La gorge nouée et le coeur lourd, les larmes aux yeux de voir tant d’efforts voler en éclats.

Une fois la rage passée, et une volonté de rester debout quoi qu’il arrive, s’en suit alors une série interminable de démarches, de coups de téléphone et de courriers. Dépôt de plainte, déclaration de sinistre auprès des assurances. Puis évaluer le montant des dégâts. Réaliser seconde après seconde l’impact de la chose. Près d’une dizaine de milliers d’euros volés, une production stoppée du jour au lendemain. Nous nous étions prémunis fort heureusement contre les pertes de données.

Mais on se serre les coudes. Tenir bon. Avancer. Malgré tout…

Et puis deux semaines plus tard, alors que nous nous débattions auprès de notre assurance pour obtenir l’indemnisation des biens volés, rebelote. Nouvelle effraction. Vitrage brisé, bureaux fouillés. Par “chance” sans doute, l’indemnisation de l’assurance tardait, et nous n’avions pas encore racheté le matériel. Rien n’avait donc été volé. Nos malfaiteurs sont repartis bredouilles.

Bredouilles. Oui, certes. Mais ils ont semé derrière eux une rage indicible. Et ont enclenché par leurs actes stupides, les rouages d’un système désarmant.

Naïfs que nous sommes…

Après de longues et pénibles relances, le montant de l’indemnisation accordée par notre assurance nous parvient. Ce jour-là, déjà abattue par les événements, je tombe de haut. Notre précieuse garantie “valeur à neuf” contractée à la création de l’entreprise excluait en réalité purement et simplement… le matériel informatique.

“_ C’était pourtant indiqué dans les Conditions Générales de votre contrat.
_ J’aurais donc signé ces Conditions en toute connaissance de cause ?
_ Sans doute. Ces Conditions ne sont pas soumises à signature.”

Naïfs que nous sommes…

Après le deuxième sinistre, on vous fait vite comprendre que la faute est pour beaucoup sur vos épaules. “Pas de système d’alarme ? Hmmm, vous auriez dû y songer…”. “Vous n’avez toujours pas installé de volets ou de barreaux aux fenêtres ?” (désolée, à deux semaines d’intervalles et un propriétaire aux abonnés absents, non, je n’ai pas “réussi” à prendre toutes ces mesures miraculeuses).
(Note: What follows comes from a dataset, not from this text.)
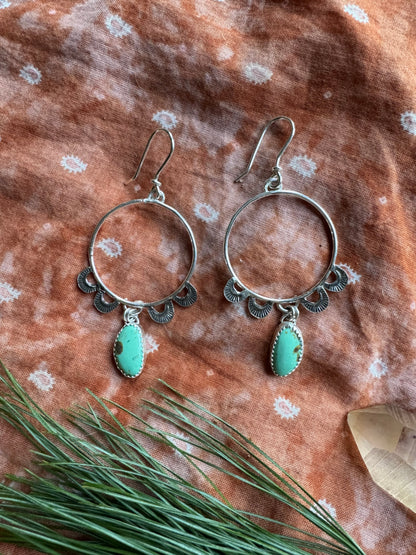 Turquoise "Monument" Hoops - no.1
Des “barreaux aux fenêtres”. Si j’avais imaginé qu’en créant mon entreprise, j’aurais été contrainte un jour de travailler derrière des “barreaux”. Quelle magnifique liberté d’entreprendre.
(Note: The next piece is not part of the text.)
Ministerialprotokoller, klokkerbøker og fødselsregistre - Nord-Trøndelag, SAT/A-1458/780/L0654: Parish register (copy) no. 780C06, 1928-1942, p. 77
Cette situation me file la nausée.

Le coup de grâce nous sera porté lorsque notre conseiller bancaire nous annonce que l’indemnité d’assurance, déjà bien mince, qui nous a été accordée, sera… imposée.
Ajoutez également à cela une augmentation de cotisation d’assurance et la menace d’être “éjecté” au prochain sinistre. Parfait !
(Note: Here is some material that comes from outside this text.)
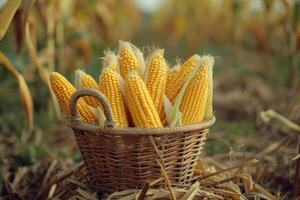 AI generated Corn cobs in basket at the field corn farm. photo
Rappelez-moi, qui est la victime dans cette histoire ?

Naïfs que nous sommes…

Jamais deux sans trois

Nouvel épisode quelques semaines plus tard. Cette fois, ce seront nos voisins qui subiront le même sort. Même procédé, même type de matériel volé. On prend les mêmes et on recommence. Et puisqu’on peut agir en toute liberté, dans un quartier d’entreprises complètement déserté le week-end, pourquoi s’en faire ?

Lundi 21 septembre. 3ème effraction.

Tout l’immeuble cette fois sera touché. 3ème effraction pour nous. La 5ème au total, en l’espace de quelques semaines.

Partir ? Bien sûr. On en rêverait. Mais dans un système où des voleurs peuvent agir en toute impunité, les circonstances d’un triple cambriolage ne suffisent pas à justifier notre départ et à nous “libérer”.

Bail commercial il y a, bail commercial tu honoreras. Quoi qu’il arrive.